If $2 \sum_{j=0}^{n}a_jf(x_j)$ is a quadrature for $\int_{-1}^1f(x)dx$ exact for polynomials of degree $\le n$ and $x_j=-x_{n-j}$, show $a_j=a_{n-j}$.

Question

This was an problem in today's exam in numerical methods and I would like to know if my solution is correct.

For approximating the integral $I(f) = \int_{-1}^{1} f(x) dx$ we take the quadrature formula $$ Q(f) = 2 \sum_{j = 0}^{n} \lambda_j f(x_j) $$ with supporting points $x_0, \ldots, x_n \in [-1, 1]$, which is exact for polynomials with degree up to $n$. Show that if $x_j = -x_{n - j}$ for $j \in \{ 0, \ldots, n \}$, we have $\lambda_j = \lambda_{n - j}$ for $j \in \{ 0, \ldots, n \}$.

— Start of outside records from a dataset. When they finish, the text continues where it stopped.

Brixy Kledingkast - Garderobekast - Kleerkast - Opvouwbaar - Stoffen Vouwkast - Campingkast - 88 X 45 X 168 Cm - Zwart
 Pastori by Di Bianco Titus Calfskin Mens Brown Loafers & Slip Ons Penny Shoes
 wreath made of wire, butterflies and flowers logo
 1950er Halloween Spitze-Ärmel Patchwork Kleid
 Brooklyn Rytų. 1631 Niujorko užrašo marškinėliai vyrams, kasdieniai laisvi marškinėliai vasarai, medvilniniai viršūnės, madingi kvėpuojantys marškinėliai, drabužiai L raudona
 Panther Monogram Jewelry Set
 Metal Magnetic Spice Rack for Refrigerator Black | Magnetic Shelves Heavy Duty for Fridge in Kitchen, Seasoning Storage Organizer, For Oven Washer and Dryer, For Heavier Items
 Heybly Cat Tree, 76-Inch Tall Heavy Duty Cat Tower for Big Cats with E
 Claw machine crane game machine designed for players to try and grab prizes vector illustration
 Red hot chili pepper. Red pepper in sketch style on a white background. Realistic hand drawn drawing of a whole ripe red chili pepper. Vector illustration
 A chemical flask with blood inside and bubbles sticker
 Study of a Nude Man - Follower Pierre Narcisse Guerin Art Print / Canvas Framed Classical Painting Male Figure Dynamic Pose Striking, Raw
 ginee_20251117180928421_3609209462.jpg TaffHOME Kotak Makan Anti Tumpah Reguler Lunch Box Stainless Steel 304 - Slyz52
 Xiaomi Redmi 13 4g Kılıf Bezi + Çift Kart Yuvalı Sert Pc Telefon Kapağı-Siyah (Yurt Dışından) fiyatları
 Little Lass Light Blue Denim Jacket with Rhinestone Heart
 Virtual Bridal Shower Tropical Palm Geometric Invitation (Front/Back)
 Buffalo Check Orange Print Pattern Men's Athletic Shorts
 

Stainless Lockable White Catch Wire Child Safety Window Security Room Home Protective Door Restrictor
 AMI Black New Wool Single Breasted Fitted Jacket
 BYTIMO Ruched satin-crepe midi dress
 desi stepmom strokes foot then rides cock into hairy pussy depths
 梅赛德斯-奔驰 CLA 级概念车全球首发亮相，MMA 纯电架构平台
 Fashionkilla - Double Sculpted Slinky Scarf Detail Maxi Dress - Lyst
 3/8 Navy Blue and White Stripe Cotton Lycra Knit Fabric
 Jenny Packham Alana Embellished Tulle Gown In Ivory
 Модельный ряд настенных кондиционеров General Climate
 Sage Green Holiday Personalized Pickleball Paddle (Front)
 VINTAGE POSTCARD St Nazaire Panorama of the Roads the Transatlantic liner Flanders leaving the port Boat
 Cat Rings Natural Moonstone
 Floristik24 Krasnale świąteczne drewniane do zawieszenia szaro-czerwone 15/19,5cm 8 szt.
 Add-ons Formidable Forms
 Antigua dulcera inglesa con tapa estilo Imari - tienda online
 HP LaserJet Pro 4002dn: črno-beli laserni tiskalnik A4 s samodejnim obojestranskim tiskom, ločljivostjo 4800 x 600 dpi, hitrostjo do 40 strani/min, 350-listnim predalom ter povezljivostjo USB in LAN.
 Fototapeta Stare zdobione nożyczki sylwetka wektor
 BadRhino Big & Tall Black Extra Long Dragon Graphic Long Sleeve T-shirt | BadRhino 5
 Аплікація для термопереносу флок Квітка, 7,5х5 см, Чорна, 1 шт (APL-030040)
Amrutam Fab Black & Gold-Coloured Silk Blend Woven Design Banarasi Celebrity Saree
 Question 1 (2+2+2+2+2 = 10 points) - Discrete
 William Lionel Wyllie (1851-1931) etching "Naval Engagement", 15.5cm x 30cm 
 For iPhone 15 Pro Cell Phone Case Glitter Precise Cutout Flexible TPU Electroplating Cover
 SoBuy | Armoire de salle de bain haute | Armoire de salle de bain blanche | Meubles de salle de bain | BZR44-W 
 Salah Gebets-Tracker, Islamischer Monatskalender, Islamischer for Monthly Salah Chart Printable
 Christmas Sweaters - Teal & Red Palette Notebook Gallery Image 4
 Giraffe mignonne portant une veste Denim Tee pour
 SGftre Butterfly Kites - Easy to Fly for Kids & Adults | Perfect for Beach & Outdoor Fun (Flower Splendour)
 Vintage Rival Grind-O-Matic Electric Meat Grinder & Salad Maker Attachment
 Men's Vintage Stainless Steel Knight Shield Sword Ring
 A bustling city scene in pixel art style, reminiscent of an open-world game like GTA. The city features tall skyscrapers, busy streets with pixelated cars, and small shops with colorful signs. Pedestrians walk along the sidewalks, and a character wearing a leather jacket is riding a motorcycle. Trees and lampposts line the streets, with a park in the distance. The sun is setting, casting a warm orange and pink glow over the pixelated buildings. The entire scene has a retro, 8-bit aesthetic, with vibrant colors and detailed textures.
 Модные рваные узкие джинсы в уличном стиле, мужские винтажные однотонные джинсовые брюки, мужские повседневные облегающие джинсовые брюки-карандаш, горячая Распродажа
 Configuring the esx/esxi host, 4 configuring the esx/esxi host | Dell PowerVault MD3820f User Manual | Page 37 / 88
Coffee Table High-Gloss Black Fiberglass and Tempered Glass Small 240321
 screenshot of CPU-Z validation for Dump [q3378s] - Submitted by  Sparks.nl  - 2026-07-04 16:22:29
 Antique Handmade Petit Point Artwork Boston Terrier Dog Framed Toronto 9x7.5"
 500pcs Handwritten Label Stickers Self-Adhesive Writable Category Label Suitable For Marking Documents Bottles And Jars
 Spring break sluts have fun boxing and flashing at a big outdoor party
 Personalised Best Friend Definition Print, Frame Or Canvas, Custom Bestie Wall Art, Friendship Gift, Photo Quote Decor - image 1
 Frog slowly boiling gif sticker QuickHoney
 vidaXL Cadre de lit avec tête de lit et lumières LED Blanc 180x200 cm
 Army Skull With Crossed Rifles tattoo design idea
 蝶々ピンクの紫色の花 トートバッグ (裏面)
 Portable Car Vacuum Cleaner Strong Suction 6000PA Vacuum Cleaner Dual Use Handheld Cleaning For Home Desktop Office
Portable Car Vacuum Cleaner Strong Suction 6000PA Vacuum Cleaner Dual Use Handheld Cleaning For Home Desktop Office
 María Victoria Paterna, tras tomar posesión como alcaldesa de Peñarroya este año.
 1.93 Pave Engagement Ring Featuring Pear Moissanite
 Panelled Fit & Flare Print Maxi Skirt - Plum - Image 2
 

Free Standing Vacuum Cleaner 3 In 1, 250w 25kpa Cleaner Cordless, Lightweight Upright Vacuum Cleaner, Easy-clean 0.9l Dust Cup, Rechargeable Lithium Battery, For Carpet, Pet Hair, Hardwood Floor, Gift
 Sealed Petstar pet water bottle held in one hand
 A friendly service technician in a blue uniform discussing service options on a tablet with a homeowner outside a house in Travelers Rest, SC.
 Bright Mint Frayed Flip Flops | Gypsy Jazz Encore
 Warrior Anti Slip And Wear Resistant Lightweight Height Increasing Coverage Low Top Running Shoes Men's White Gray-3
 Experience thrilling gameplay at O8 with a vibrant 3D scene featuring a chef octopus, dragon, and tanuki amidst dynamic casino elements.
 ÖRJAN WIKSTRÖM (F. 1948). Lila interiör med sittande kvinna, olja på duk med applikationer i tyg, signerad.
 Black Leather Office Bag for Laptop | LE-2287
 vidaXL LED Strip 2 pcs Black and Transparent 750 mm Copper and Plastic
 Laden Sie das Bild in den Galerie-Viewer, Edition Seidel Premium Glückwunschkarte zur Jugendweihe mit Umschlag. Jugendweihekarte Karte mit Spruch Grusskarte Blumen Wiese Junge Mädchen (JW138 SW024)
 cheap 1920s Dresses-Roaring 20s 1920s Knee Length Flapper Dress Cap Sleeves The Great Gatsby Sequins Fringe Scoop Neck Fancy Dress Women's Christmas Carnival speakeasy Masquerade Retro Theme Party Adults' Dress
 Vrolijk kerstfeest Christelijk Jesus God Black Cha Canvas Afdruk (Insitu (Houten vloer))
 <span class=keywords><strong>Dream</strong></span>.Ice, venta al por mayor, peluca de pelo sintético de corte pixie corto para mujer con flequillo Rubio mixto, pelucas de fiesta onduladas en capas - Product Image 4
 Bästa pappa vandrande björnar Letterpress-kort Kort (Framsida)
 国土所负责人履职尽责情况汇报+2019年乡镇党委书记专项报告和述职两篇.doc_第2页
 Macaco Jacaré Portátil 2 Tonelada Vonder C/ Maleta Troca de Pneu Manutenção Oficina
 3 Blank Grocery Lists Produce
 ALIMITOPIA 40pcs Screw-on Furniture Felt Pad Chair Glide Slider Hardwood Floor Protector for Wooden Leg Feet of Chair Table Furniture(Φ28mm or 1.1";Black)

What I've tried: For an odd function $f$, we have $$ Q(f) = \sum_{j = 0}^{n} \lambda_j f(x_j) + \sum_{j = 0}^{n} \lambda_j f(x_j) = \sum_{j = 0}^{n} \lambda_j f(x_j) + \sum_{j = 0}^{n} \lambda_{n - j} f(x_{n - j}) = \sum_{j = 0}^{n} (\lambda_j - \lambda_{n - j}) f(x_j). $$ Now let $f$ be an odd polynomial of degree less than or equal to $n$. Then the quadrature formula is equal to the integral and as $f$ is odd, we have $$ 0 = I(f) = Q(f) = \sum_{j = 0}^{n} (\lambda_j - \lambda_{n - j}) f(x_j). $$ Since this holds for all odd polynomials of degree less than or equal to $n$, I want to conclude that the coefficients $\lambda_j - \lambda_{n - j}$ are zero, i.e. $\lambda_j = \lambda_{n - j}$, but I am not sure if this is valid.

Answer 1

There are several ways to proceed:

1. Note that terms $(\lambda_j - \lambda_{n-j}) f(x_j)$ and $(\lambda_{n-j} - \lambda_{j}) f(x_{n-j})$ are in fact the same for odd $f(x)$. So the summation may be reduced to $Q(f) = 2 \sum_{j=0}^{\lfloor \frac{n-1}{2}\rfloor} (\lambda_j - \lambda_{n-j}) f(x_j)$. Since all $x_j$ in this sum are negative, one may choose arbitrary values for $f(x_j)$, mirror them for positive $x$ and take $f(x)$ as interpolating polynomial.
2. We might use Lagrange basis interpolating polynomials $\ell_j(x)$. One of the equivalent definitions of these polynomials is given as $$ \deg \ell_j(x) = n\\ \ell_j(x_k) = \delta_{jk} \equiv \begin{cases} 1, &k = j\\ 0, &k \neq j \end{cases} $$ It is easy to see now that $\ell_j(-x)$ is also an $n$-degree polynomial and at the nodes it satisfies $$ \ell_j(-x_k) = \ell_j(x_{n-k}) = \delta_{j,n-k} = \delta_{n-j,k} = \ell_{n-j}(x_k). $$ Due to uniqueness we conclude that $\ell_j(-x) = \ell_{n-j}(x)$. Consider now $$ f(x) = \ell_j(x) - \ell_{n-j}(x). $$ It is clear now that $f(x)$ is odd. Plugging it to $Q(f)$ yields $$ 0 = Q(f) = (\lambda_j - \lambda_{n-j}) - (\lambda_{n-j} - \lambda_j) = 2(\lambda_j - \lambda_{n-j}). $$ so $\lambda_j = \lambda_{n-j}$.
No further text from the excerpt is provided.